You’ve written your novel, edited it, polished it to perfection. You’ve decided to self-publish it rather than pursue legacy publishing. Congratulations: now comes the hard part. For many authors, marketing your work can be the most intimidating part of self-publishing.
Fear not, gentle writers: Robert Bidinotto, the Vigilante Author, is here to help. Mr. Bidinotto is the acclaimed, self-published author of Hunter and Bad Deeds, the first two novels in a series of thrillers starring Dylan Hunter. About a year ago, he published “10 Winning Marketing Strategies for Your Self-Published Book,” a winning beginner’s guide to marketing your novel if we’ve ever seen one.
Mr. Bidnotto’s tips are well-written, well thought out, and based on successful, personal experience. You’d be wise to take a look.

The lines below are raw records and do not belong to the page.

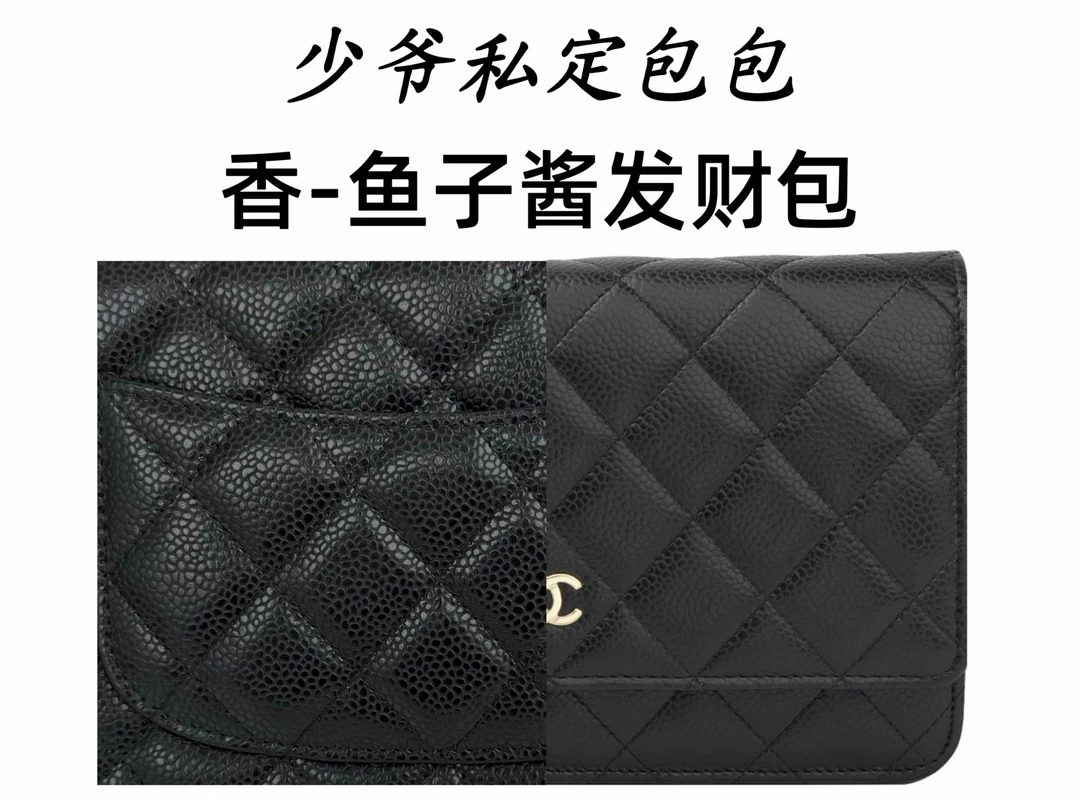 新款鱼子酱小香风发财包百搭高级精致小包潮流菱格链条通用款女包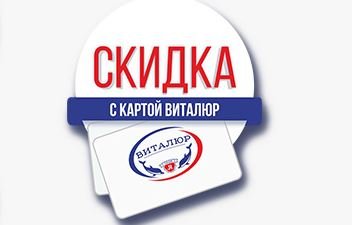 скидки виталюр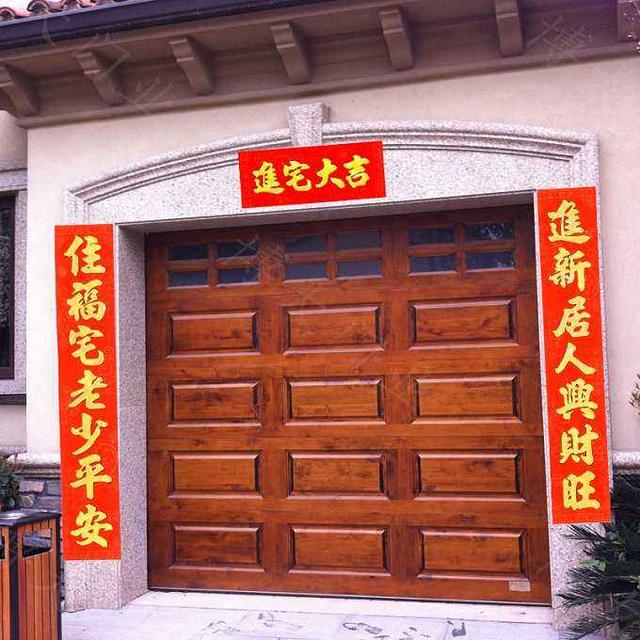2019生辰八字搬家 2019生辰八字搬家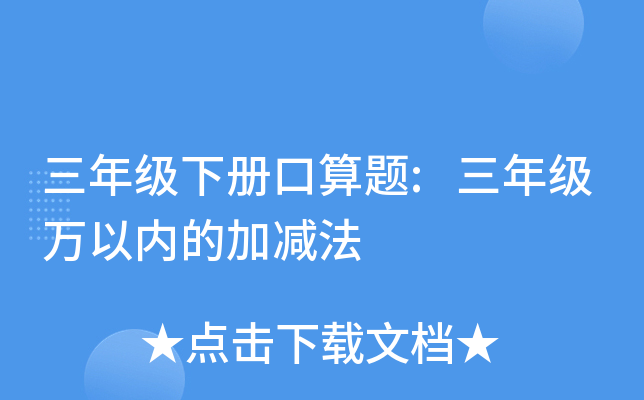 三年级下册口算题:三年级万以内的加减法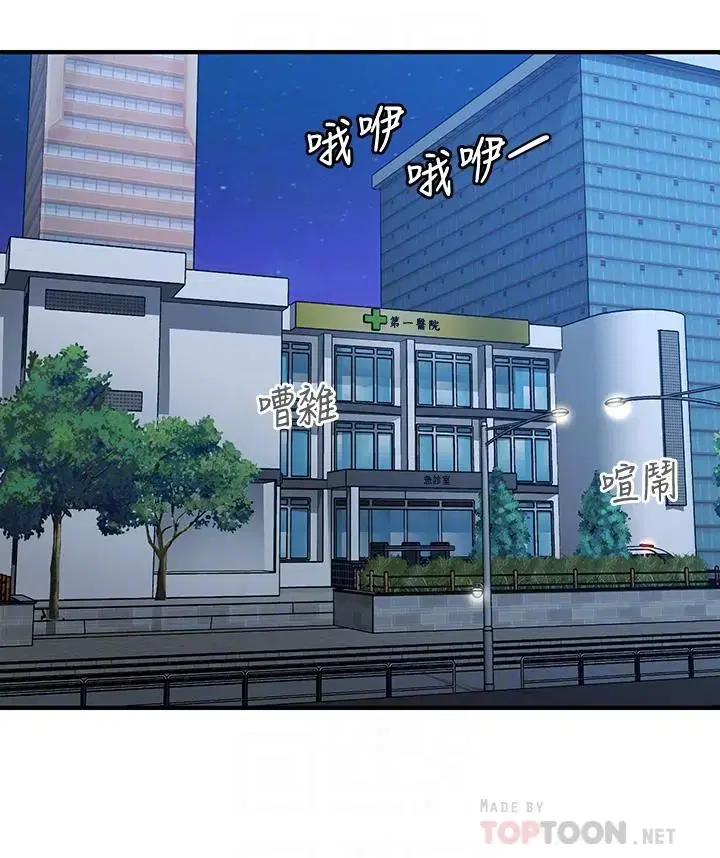 第83話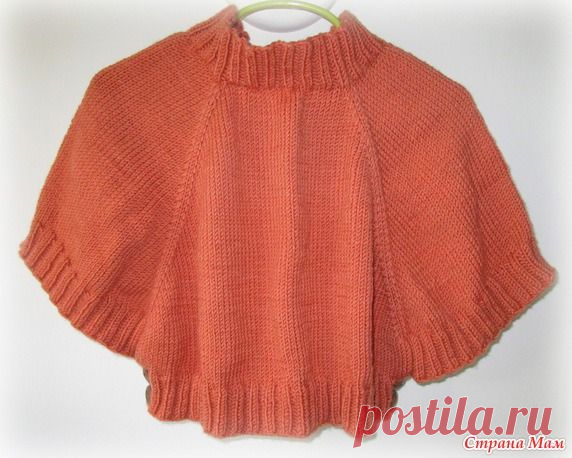 . Poncsó "Tök" :-) - Knitting - Home Moms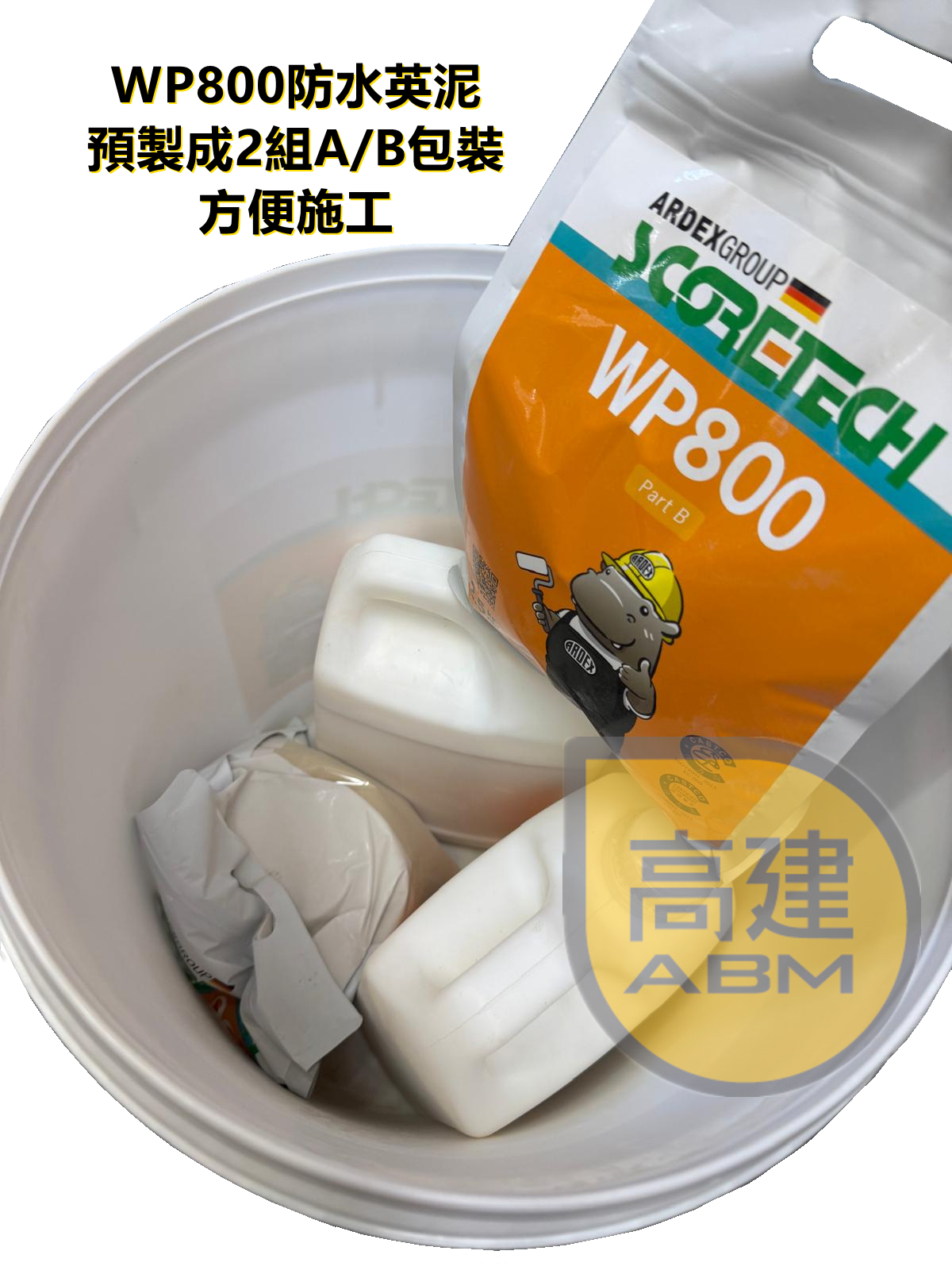 亞地斯高科WP800 防水英泥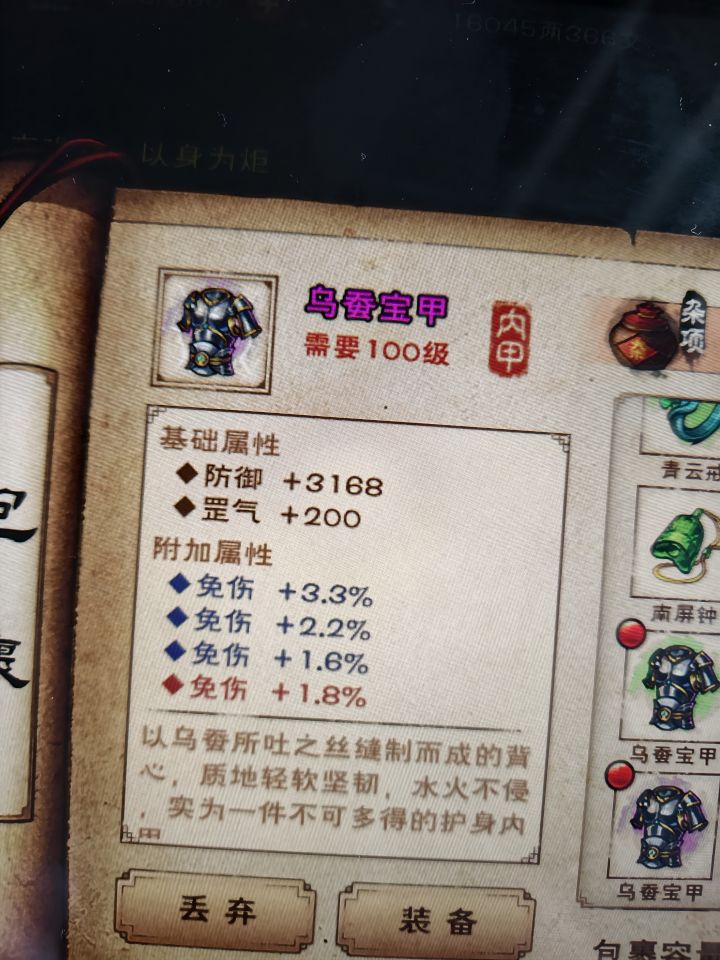 8.9免甲截图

If you’re in need of further encouragement, we also suggest reading his excellent article “10 Reasons You Should Skip Traditional Publishers and Self-Publish Ebooks Instead,” a prescient critique of the legacy/traditional publishing industry that shares many of the same points we’ve recently made here:
You see, rather than gamble on fresh, challenging works by unknown writers, publishers prefer to play it safe. They invest mainly in the few established, best-selling authors, and they exploit trendy fads by releasing formulaic knock-offs of past bestsellers. So after Thomas Harris we were fed countless serial-killer tales. John Grisham’s success launched the “legal thriller” subgenre; Tom Clancy inspired armies of “techno-thriller” clones; Stephanie Meyer gave birth to legions of vampires. Now, E.L. James is making adult porn—oops, “erotica”—the literary dalliance du jour.
Ironically, many of these same best-selling novelists couldn’t buy a publishing contract early in their careers. Grisham’s A Time to Kill, J.K. Rowling’s Harry Potter and the Sorcerer’s Stone, and Stephenie Meyer’s first Twilight installment were buried in rejection slips. So were such classics as Richard Adams’s Watership Down (17 rejections), Ayn Rand’s The Fountainhead (12), Irving Stone’s Lust for Life (16), Richard Bach’s Jonathan Livingston Seagull (18), Vince Flynn’s Term Limits(over 60), and Jack Canfield and Mark Victor Hansen’s blockbuster Chicken Soup for the Soul (a staggering 123 nays). Yes, the esteemed gatekeepers deemed these and many others unworthy of publication. If you want a good belly laugh at their expense, read about Chuck Ross’s famous hoax.